Omitting the pictures, restate all of the entries below exactly.

╭─ Records for this task

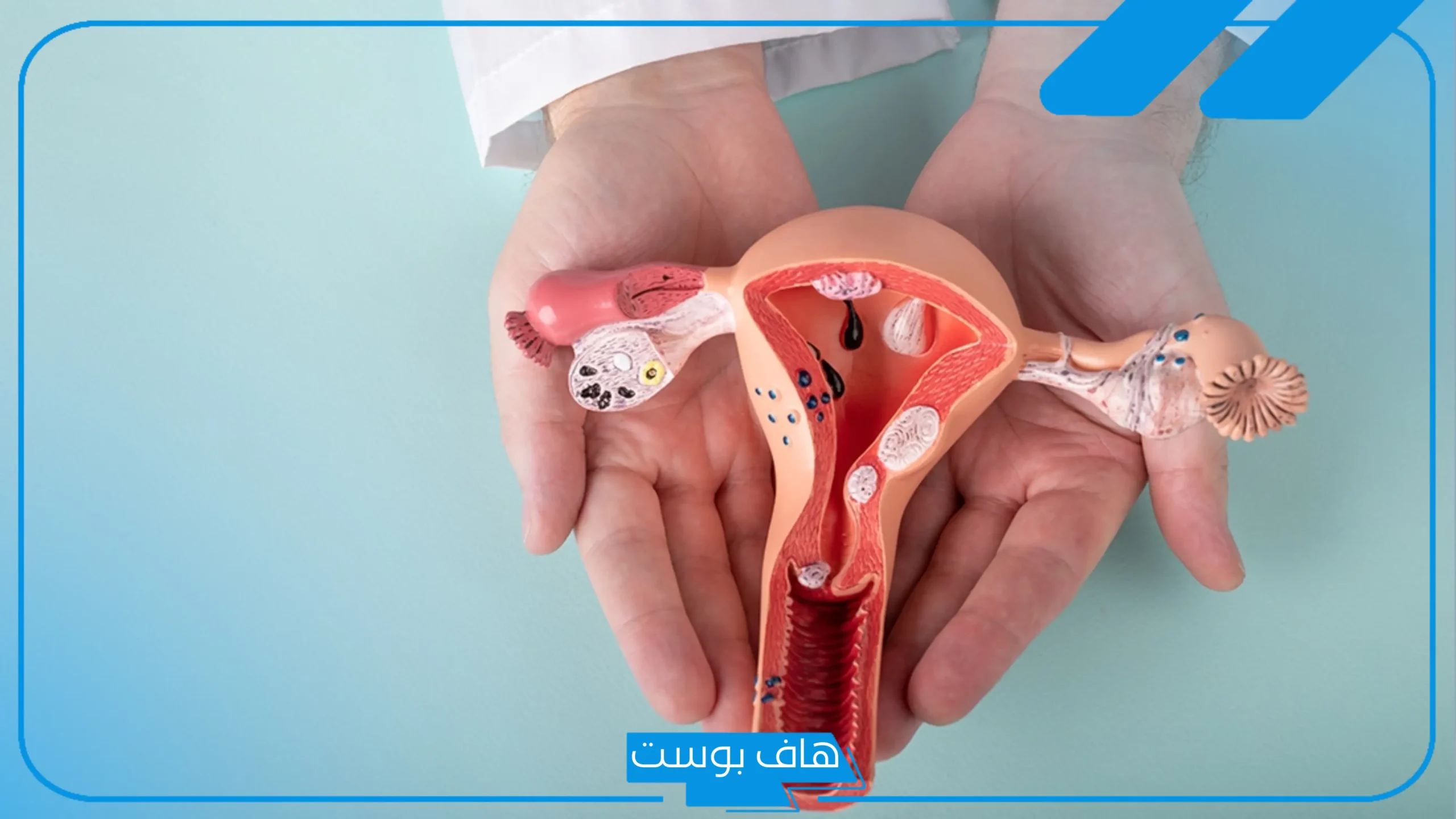 تجربتي مع عملية تضييق المهبل جراحيا بعد الولادة.. متى يمكن الجلوس بعد عملية تضييق المهبل؟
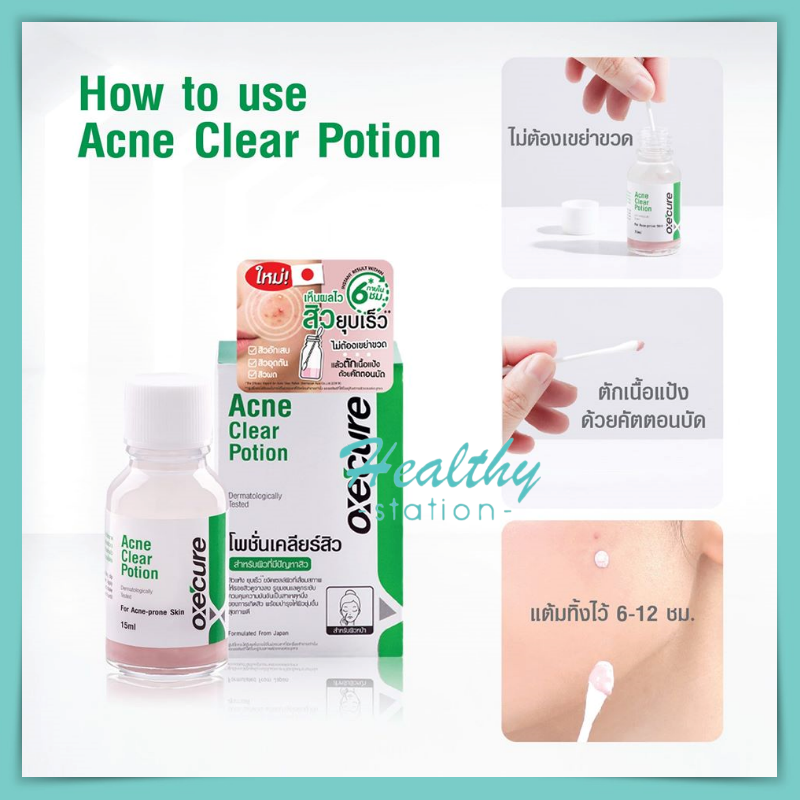 Oxe cure Acne Clear Potion 15 ml.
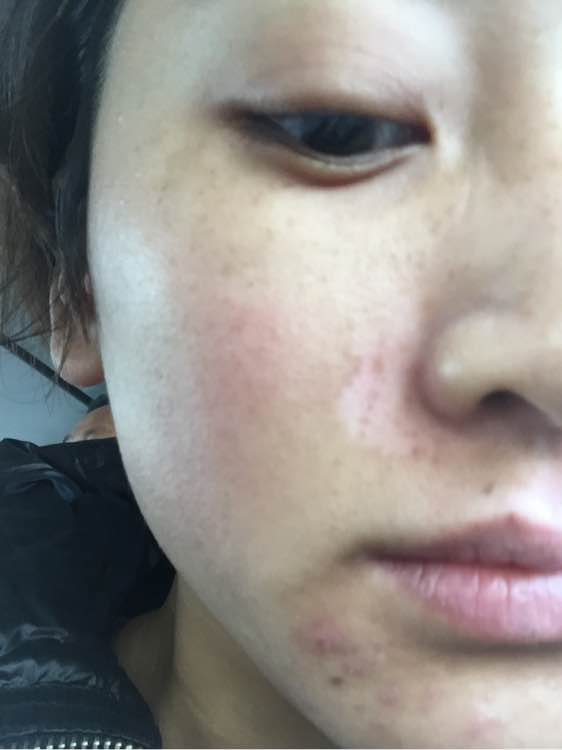 白斑光照,白斑光照后图片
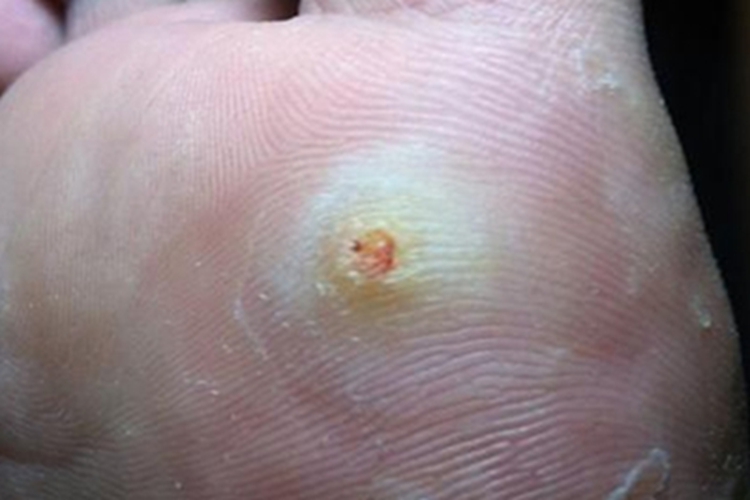 软鸡眼脚底症状图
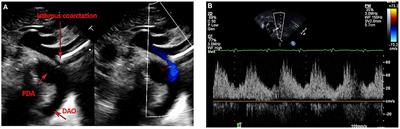 Isolated Coarctation of the Aorta: Current Concepts and Perspectives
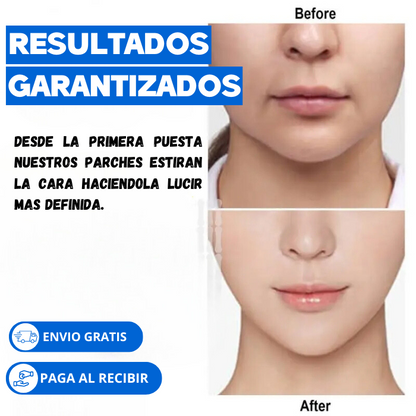 FACE LIFTING PATCH™ Parches Invisibles de Estiramiento Facial - IMPORTADO DESDE ESTADOS UNIDOS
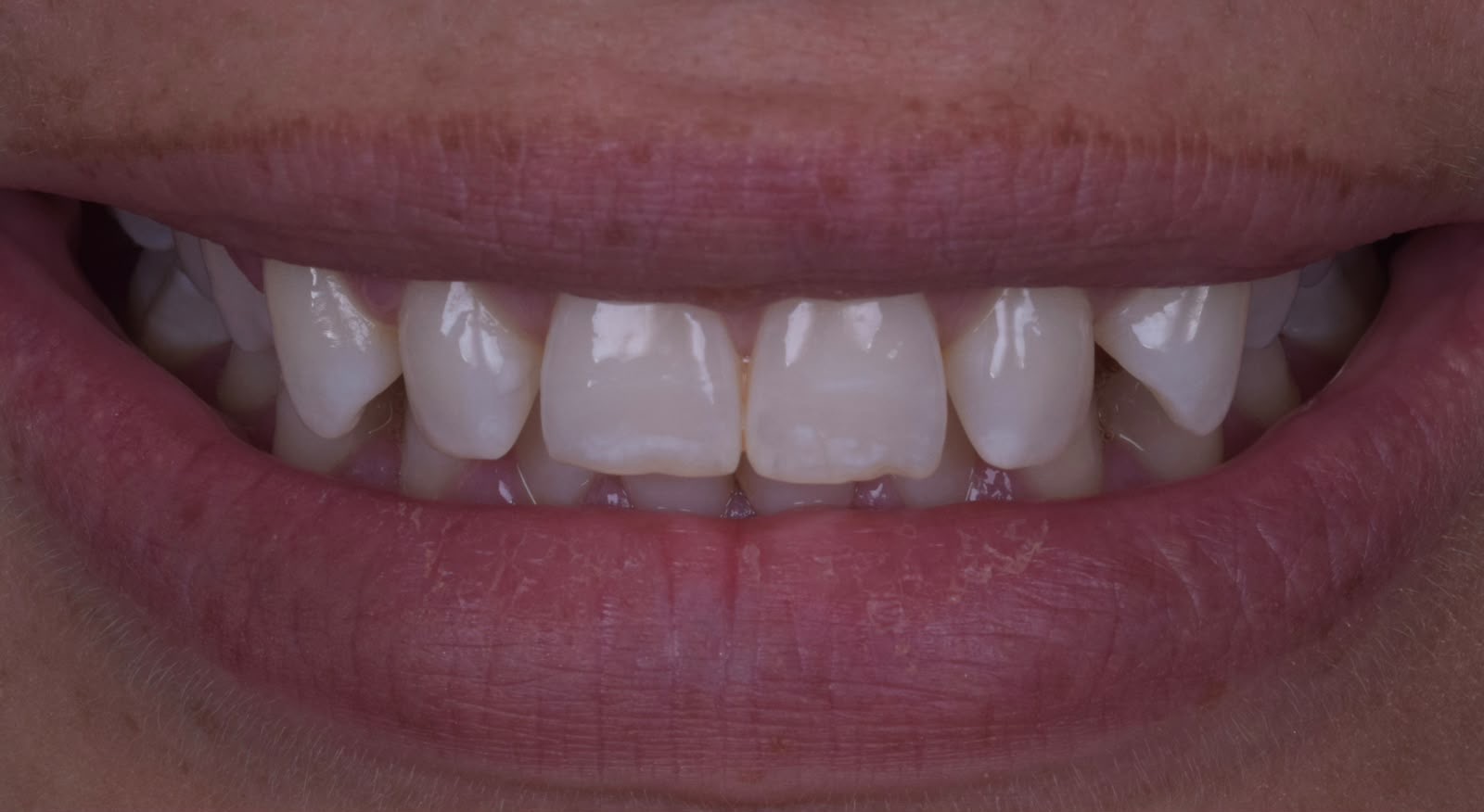 Patient smile before Invisalign dental treatment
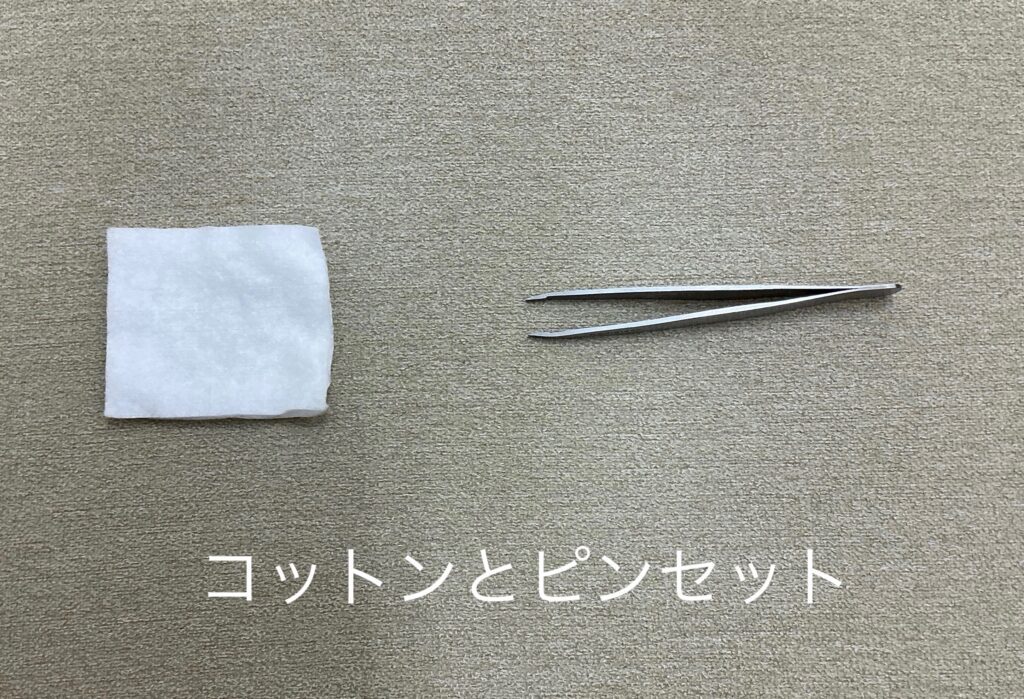 巻き爪の応急処置法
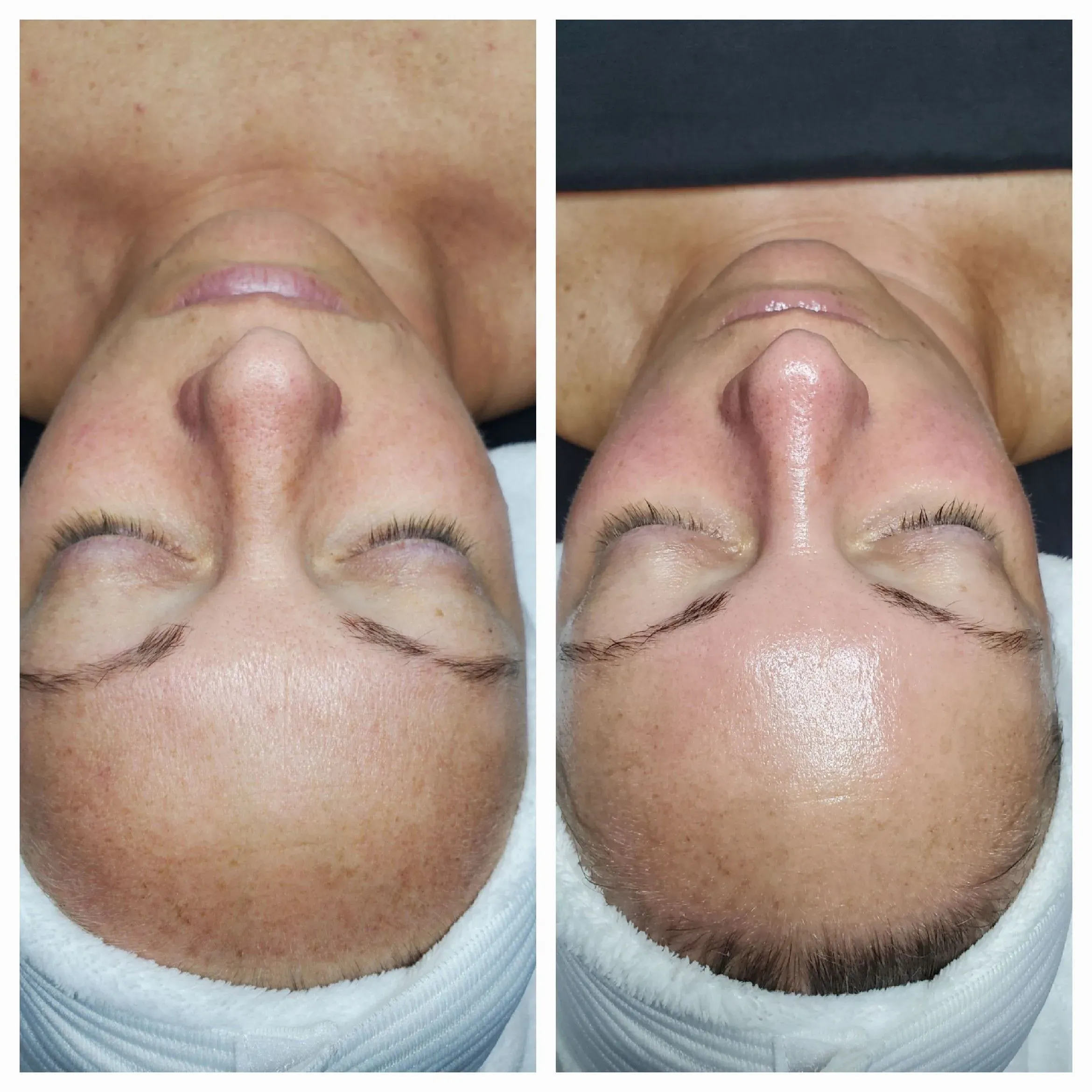 Before and after facial results at Elevé Esthetics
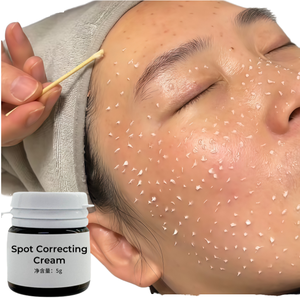 Crema para Eliminar Pecas <span class=keywords><strong>de</strong></span> 50 ml, Cuidado <span class=keywords><strong>de</strong></span> <span class=keywords><strong>la</strong></span> Piel, Eliminador <span class=keywords><strong>de</strong></span> Pigmentación para el Acné y <span class=keywords><strong>Manchas</strong></span> Oscuras <span class=keywords><strong>en</strong></span> el Rostro - Product Image 1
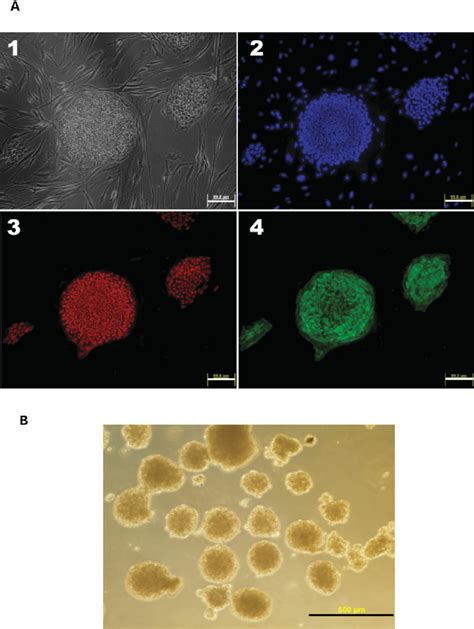 Hes Cell Lines Containing A De Novo Line Retrotransposition Event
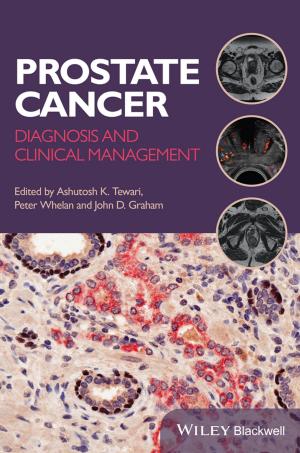 Cover of the book Prostate Cancer by Pablo Angueira, Juan Romo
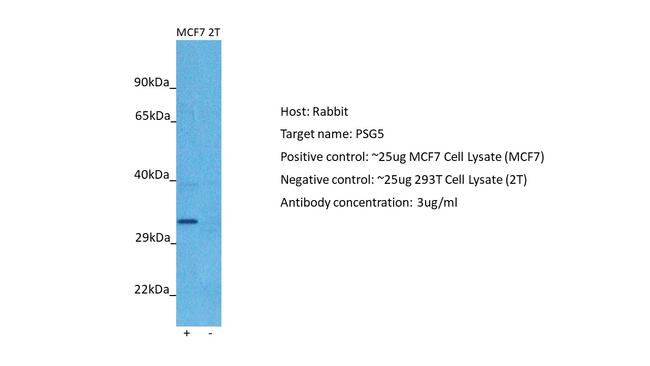 PSG5 Antibody in Western Blot (WB)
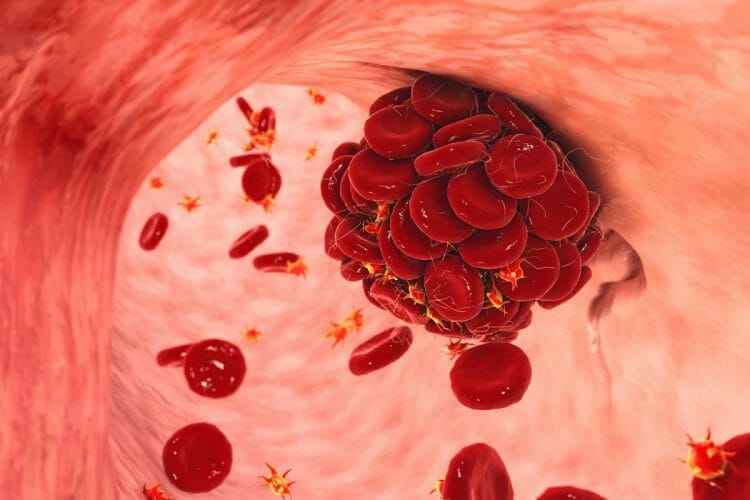 Fibrinógeno alto: causas, síntomas, tratamiento y prevención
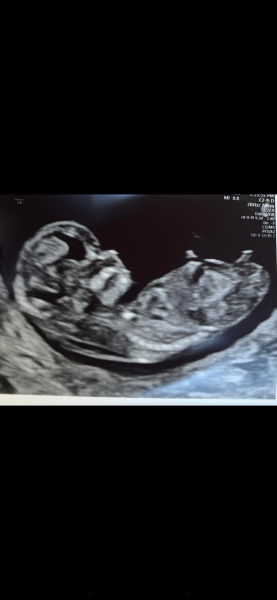 Boy or girl 12 weeks scan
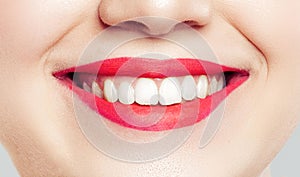 Closeup of beautiful smile with white teeth. Woman mouth smiling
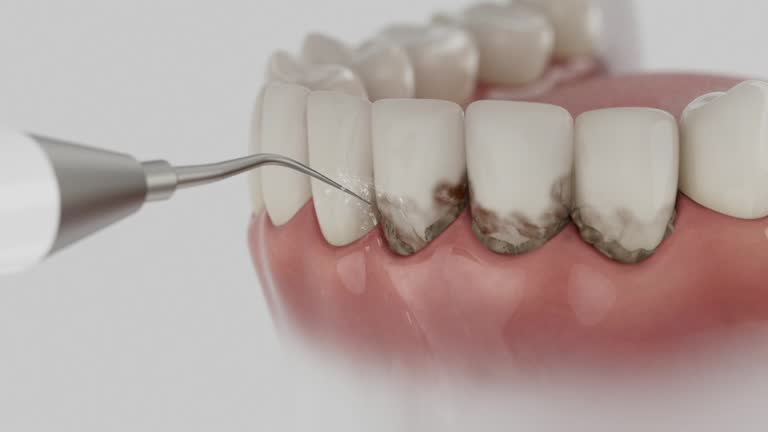 Trusted Dental Crowns And Bridges service in Clinton, NC - Dentist Open Now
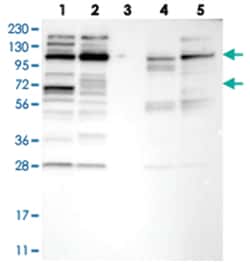 CHD1L Rabbit anti-Human, Polyclonal Antibody, Abnova 100 &mu;L | Buy Online | Abnova Corporation | Fisher Scientific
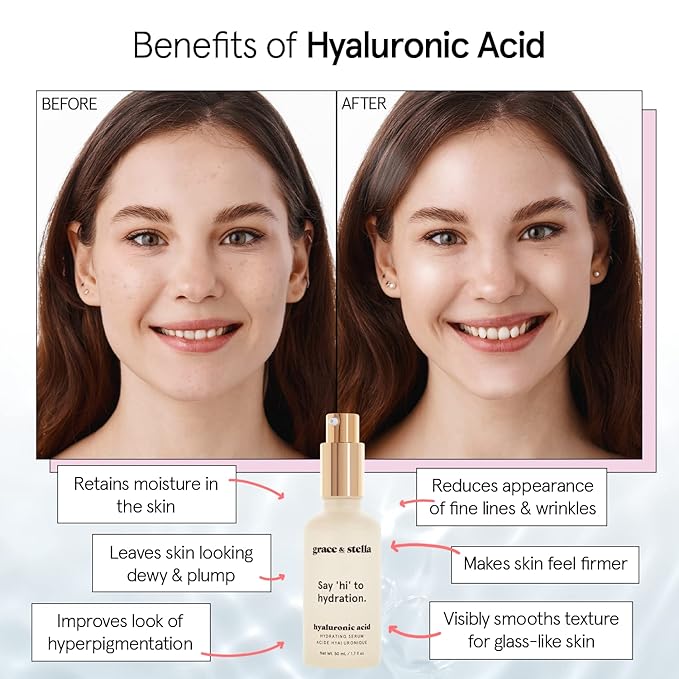 grace & stella Award Winning Hyaluronic Acid Serum (50ml/1.7 fl oz) Hydrating Hyaluronic Acid Serum for Face - Acido Hialuronico for Women - Remove Fine Lines, Wrinkles, Anti Aging - Vegan Skincare-VivaGrace Women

╰─

Answer section
 تجربتي مع عملية تضييق المهبل جراحيا بعد الولادة.. متى يمكن الجلوس بعد عملية تضييق المهبل؟
 Oxe cure Acne Clear Potion 15 ml.
 白斑光照,白斑光照后图片
 软鸡眼脚底症状图
 Isolated Coarctation of the Aorta: Current Concepts and Perspectives
 FACE LIFTING PATCH™ Parches Invisibles de Estiramiento Facial - IMPORTADO DESDE ESTADOS UNIDOS
 Patient smile before Invisalign dental treatment
 巻き爪の応急処置法
 Before and after facial results at Elevé Esthetics
 Crema para Eliminar Pecas <span class=keywords><strong>de</strong></span> 50 ml, Cuidado <span class=keywords><strong>de</strong></span> <span class=keywords><strong>la</strong></span> Piel, Eliminador <span class=keywords><strong>de</strong></span> Pigmentación para el Acné y <span class=keywords><strong>Manchas</strong></span> Oscuras <span class=keywords><strong>en</strong></span> el Rostro - Product Image 1
 Hes Cell Lines Containing A De Novo Line Retrotransposition Event
 Cover of the book Prostate Cancer by Pablo Angueira, Juan Romo
 PSG5 Antibody in Western Blot (WB)
 Fibrinógeno alto: causas, síntomas, tratamiento y prevención
 Boy or girl 12 weeks scan
 Closeup of beautiful smile with white teeth. Woman mouth smiling
 Trusted Dental Crowns And Bridges service in Clinton, NC - Dentist Open Now
 CHD1L Rabbit anti-Human, Polyclonal Antibody, Abnova 100 &mu;L | Buy Online | Abnova Corporation | Fisher Scientific
 grace & stella Award Winning Hyaluronic Acid Serum (50ml/1.7 fl oz) Hydrating Hyaluronic Acid Serum for Face - Acido Hialuronico for Women - Remove Fine Lines, Wrinkles, Anti Aging - Vegan Skincare-VivaGrace Women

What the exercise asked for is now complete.